I've been waiting for these to bloom!

Probably might favorite.. singles and doubles..












This 'White with RED heart' double just bloomed about 12 blooms overnight.. look at all of the "buds"!






And one of the blooms..






Terry K


----------



## Jacqui (Aug 5, 2008)

I don't normally care for white blooms of any kind, but those are really beautiful. I had not saw a pure white one before.


----------



## Crazy1 (Aug 5, 2008)

Beautiful Terry, the first pic almost looks like Camellias.


----------



## Isa (Aug 6, 2008)

Super nice pics.

I never saw a flower like that before, so beautiful with the red inside!


----------



## Redfoot NERD (Aug 7, 2008)

Crazy1 said:


> Beautiful Terry, the first pic almost looks like Camellias.

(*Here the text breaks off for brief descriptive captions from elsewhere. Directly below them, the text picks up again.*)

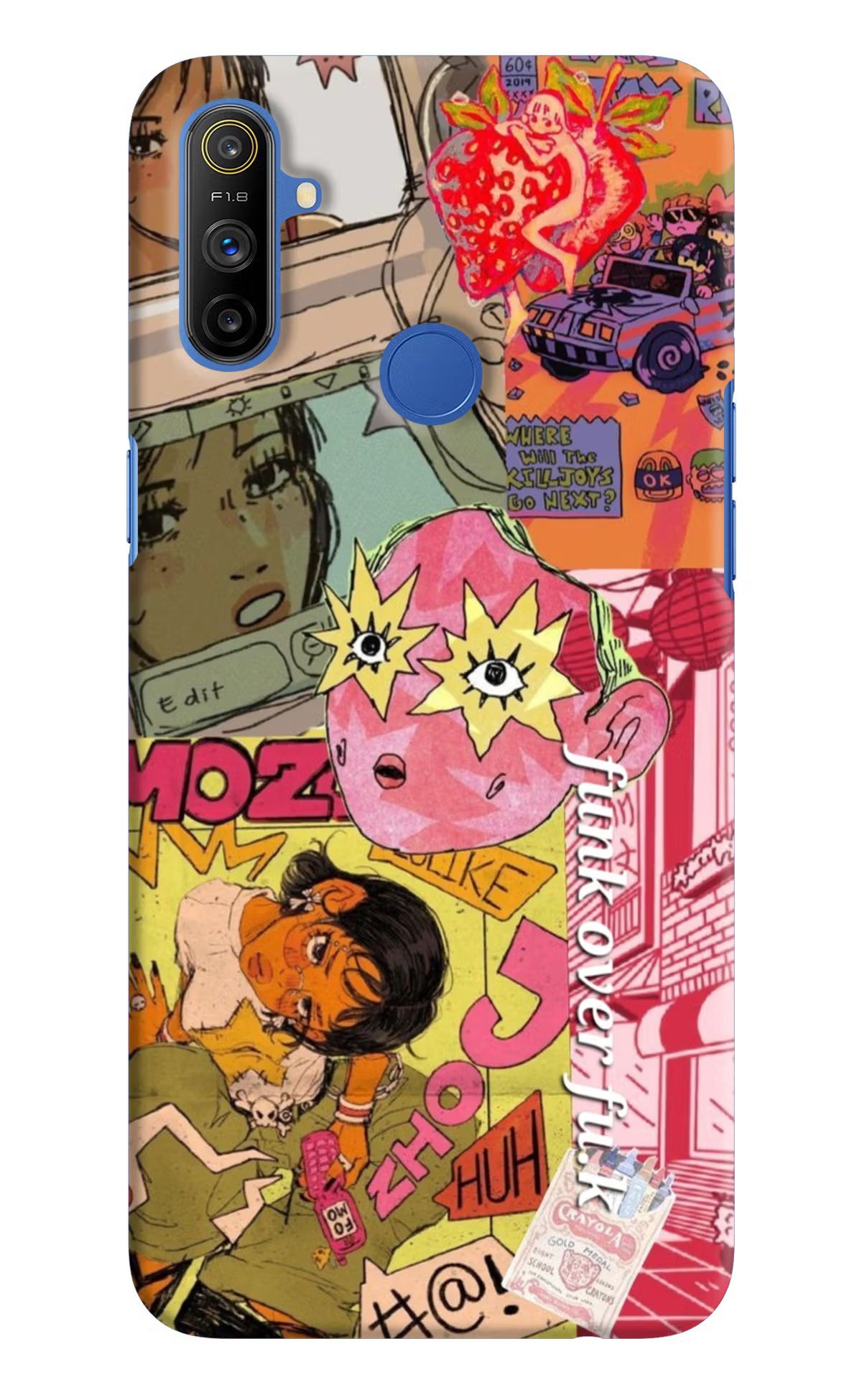 Funkover Realme Narzo 10A/20A Back Cover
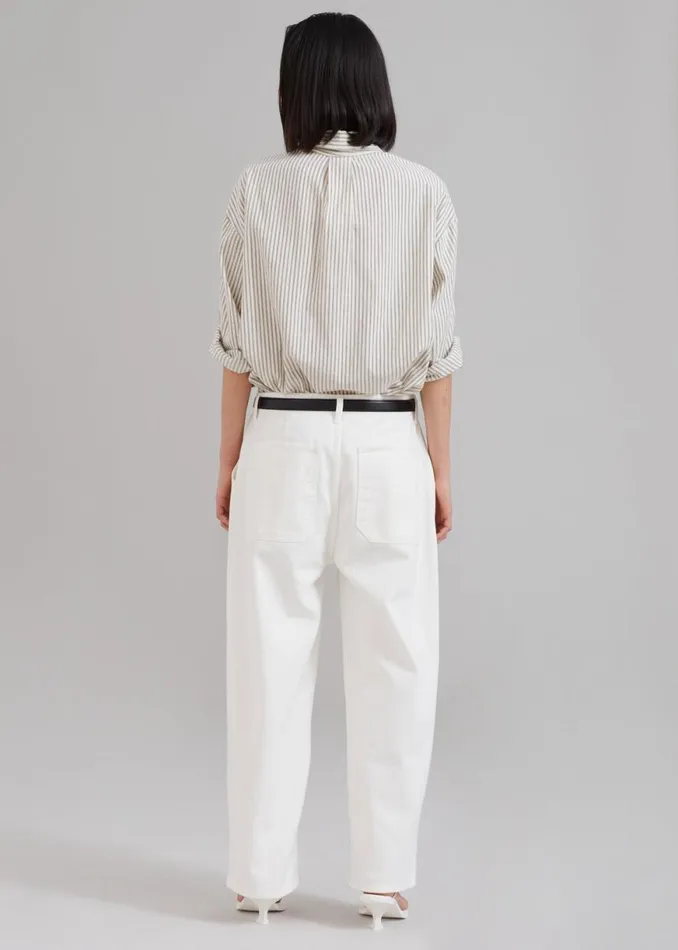 The Frankie Shop Drew Denim Pants 8211 White Shop Denim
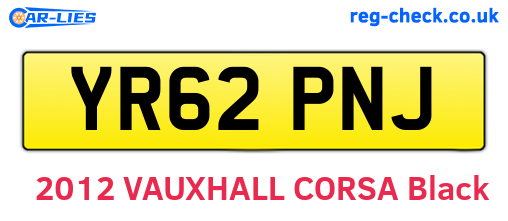 YR62PNJ are the vehicle registration plates.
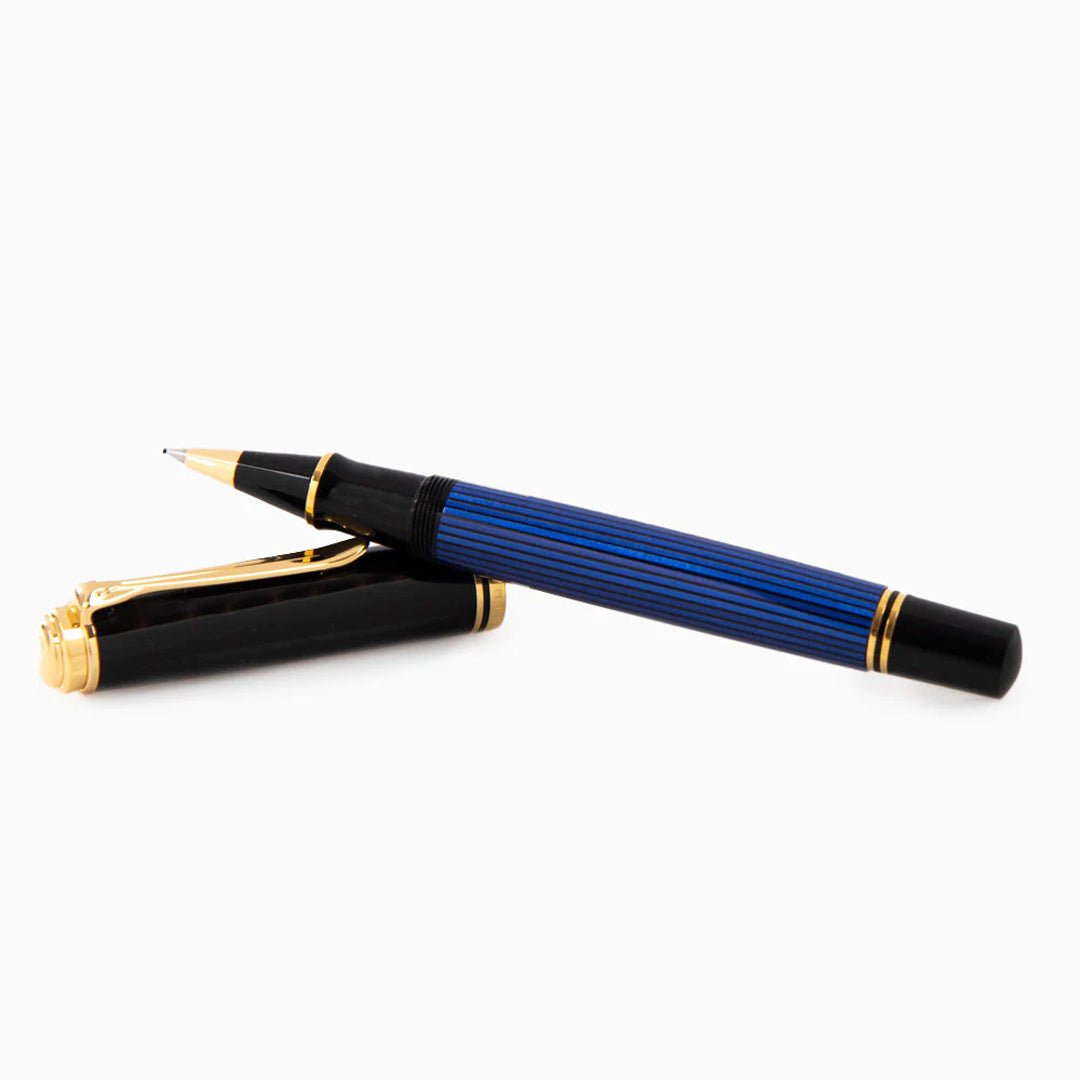 Pelikan Souveran R800 Black/Blue Roller Ball Pen - SCOOBOO - PEP_SVRN_R800_BLKBLU_RB_988006 - Roller Ball Pen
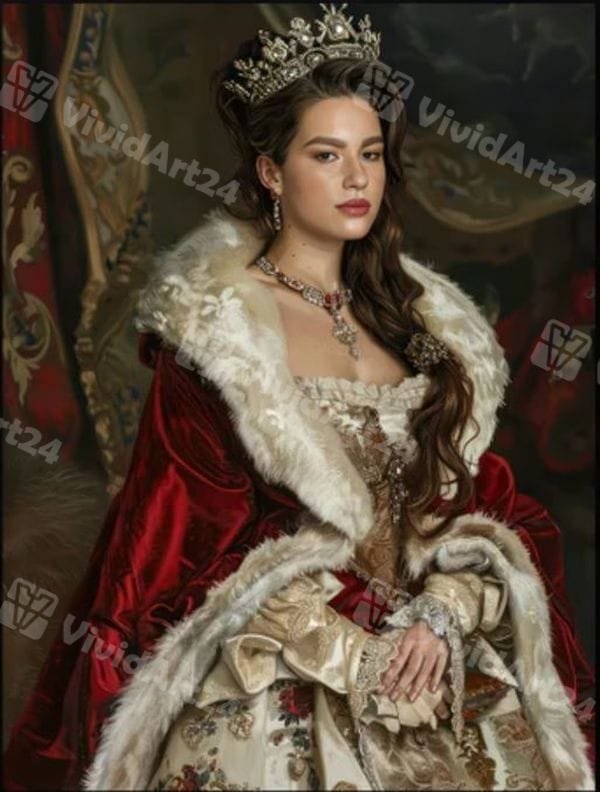 velichestven-portret-na-jena-po-snimka Величествен портрет на жена по снимка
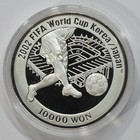 2002 Fifa World Cup  Korea japan  Silver  1 Oz  0 999 10000won  Kwang Ju Stadium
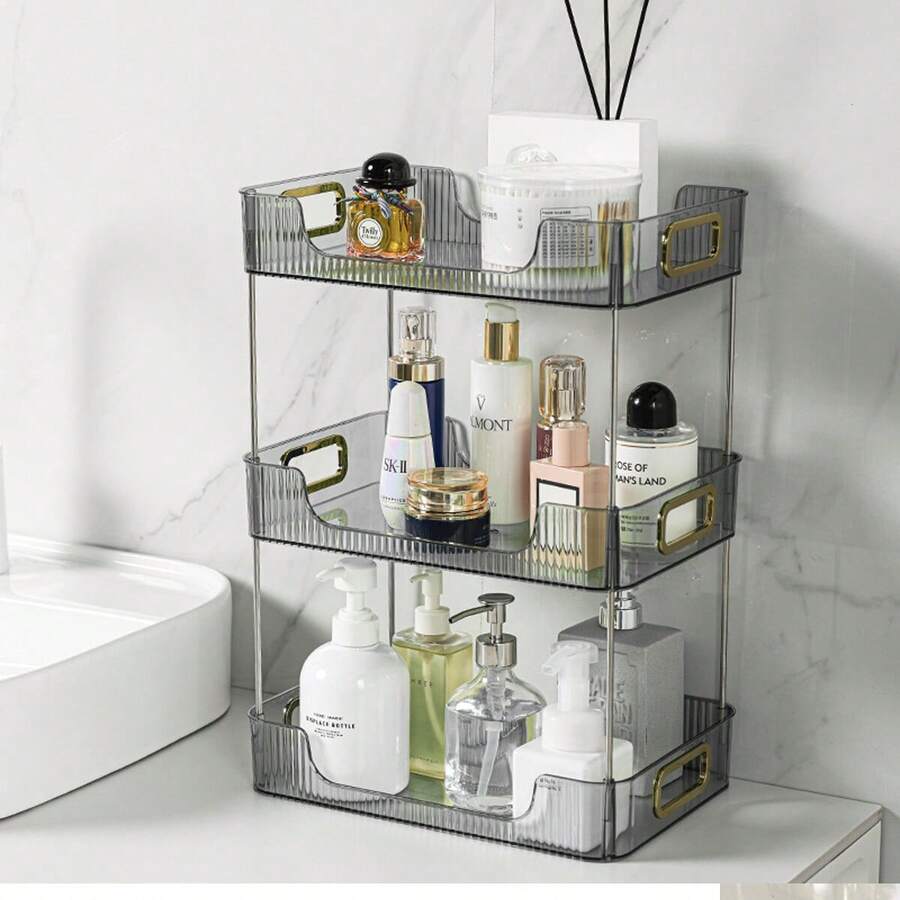 NetHong Storage Makeup Cosmetic Perfume Rotating Organiser Stand Tier Shelf UK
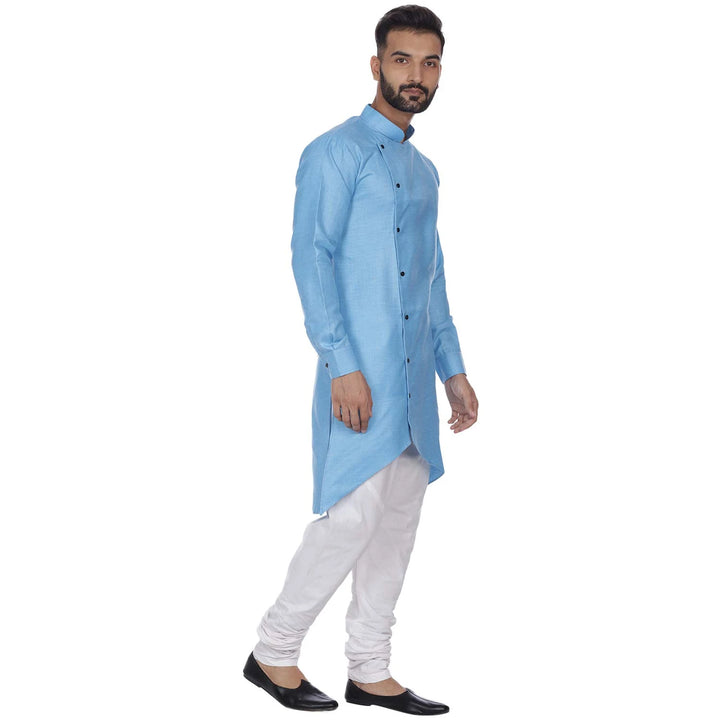 Zig Zag Patterned Men's Kurta | Comfortable Cotton Style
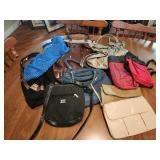 Large lot of assorted bags, purses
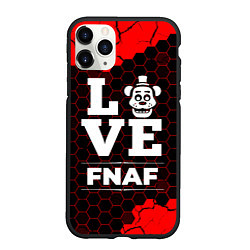 Чехол iPhone 11 Pro матовый FNAF Love Классика, цвет: 3D-черный
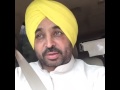 Reply to Sukhbir Badal -- Bhagwant Mann Ne Sukhbir Badal Nu Sunayia Kharia Kharia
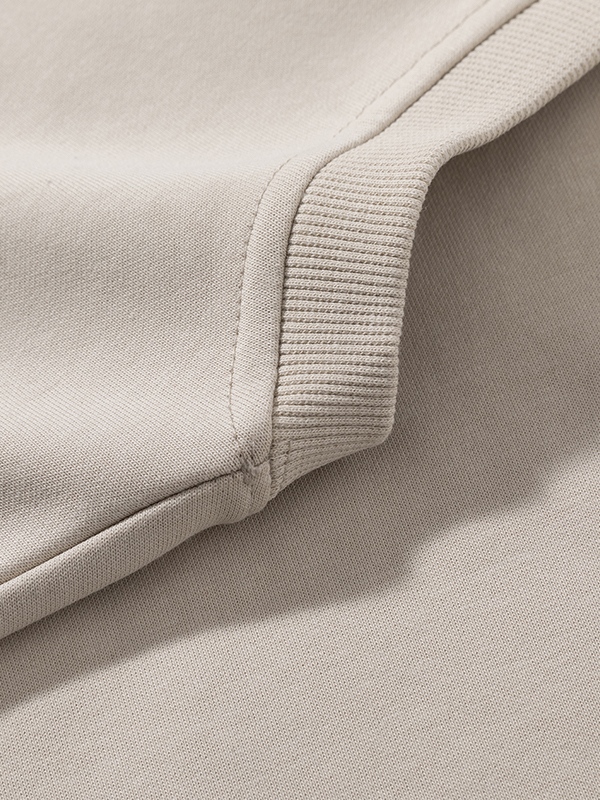 Einfarbiges Herren-Sweatshirt aus bequemer Baumwolle mit Rundhalsausschnitt-3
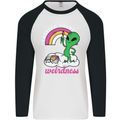 Alien Embrace Your Weirdness Funny LGBT Mens L/S Baseball T-Shirt White/Black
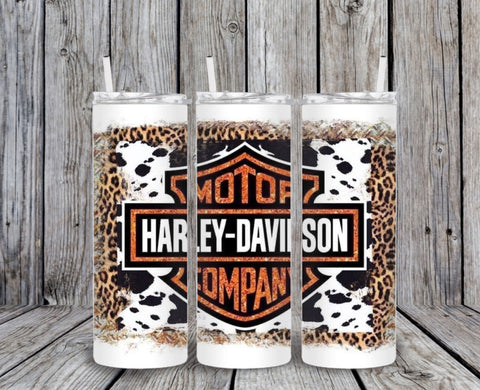 Skinny Tumbler - Leopard Cow Harley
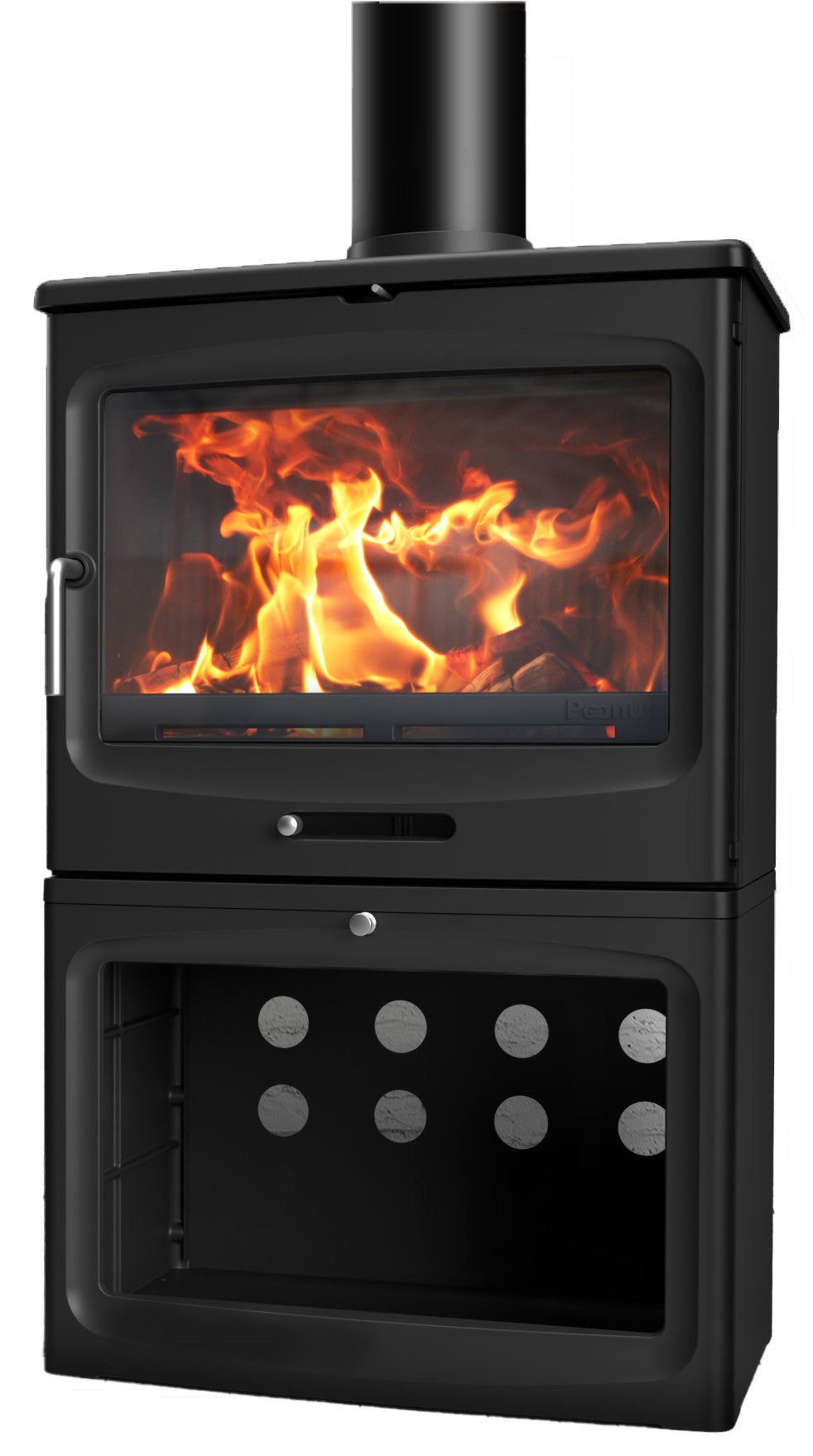 Saltfire Peanut 10 Tall Stove in Metallic Black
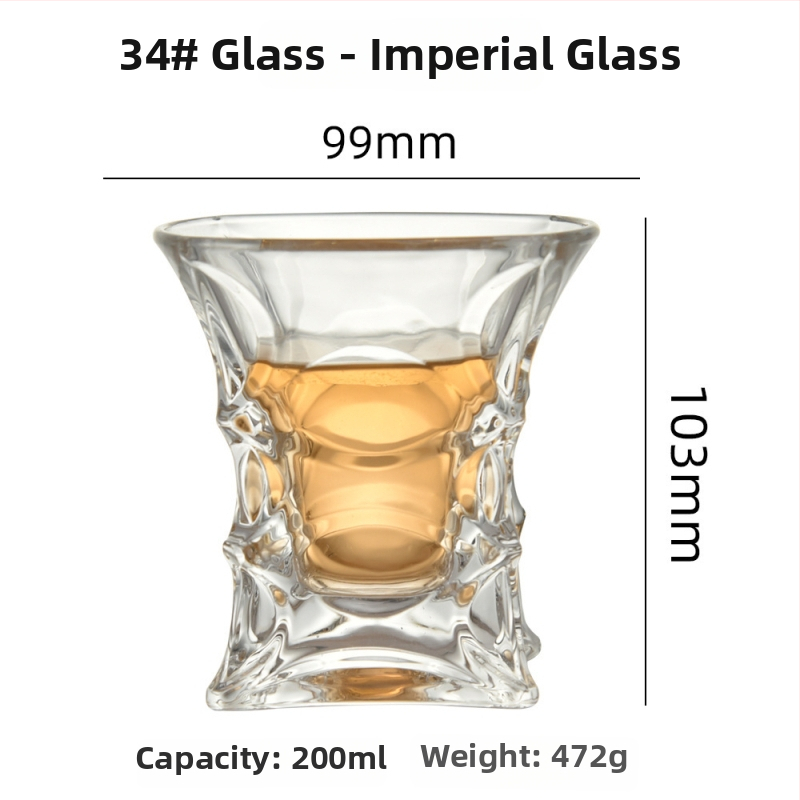 Set de pahare de whisky din cristal, design european îngroșat, 201–300 ml, ambalare în set, imprimare logo disponibil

Not sure what a Camellias looks like Robyn.. but I have to agree with Jacqui.. it must be the slighest touch of contrasting yellow or red that makes these white so beautiful...

Terry K


----------



## purpod (Aug 7, 2008)

Hiya Terry!

I'm so grateful you've posted these images; I saw red flowers just last night walking to the store, and thought that altho they looked much like Hibiscus, I would not have given any to King Tortie, not being sure if they were edible for him; Now I can go snagg a few and let him feast!

Thanx again!! 
Purpod

P.S. It's not easy to shoot white flowers and have the lighting just perfect; a most xllnt job on your part, as the images are not blown out; super! What kind of camera do you shoot with?


----------



## terryo (Aug 7, 2008)

Ahhh...Terry. The most beautiful so far...IMO.


----------



## Redfoot NERD (Aug 7, 2008)

The shrub from above with all of the 'buds'.. the next day.. and new buds daily..






This is the 2nd year for that one.. it's over 5' tall.

Blessed again.....

Terry K


----------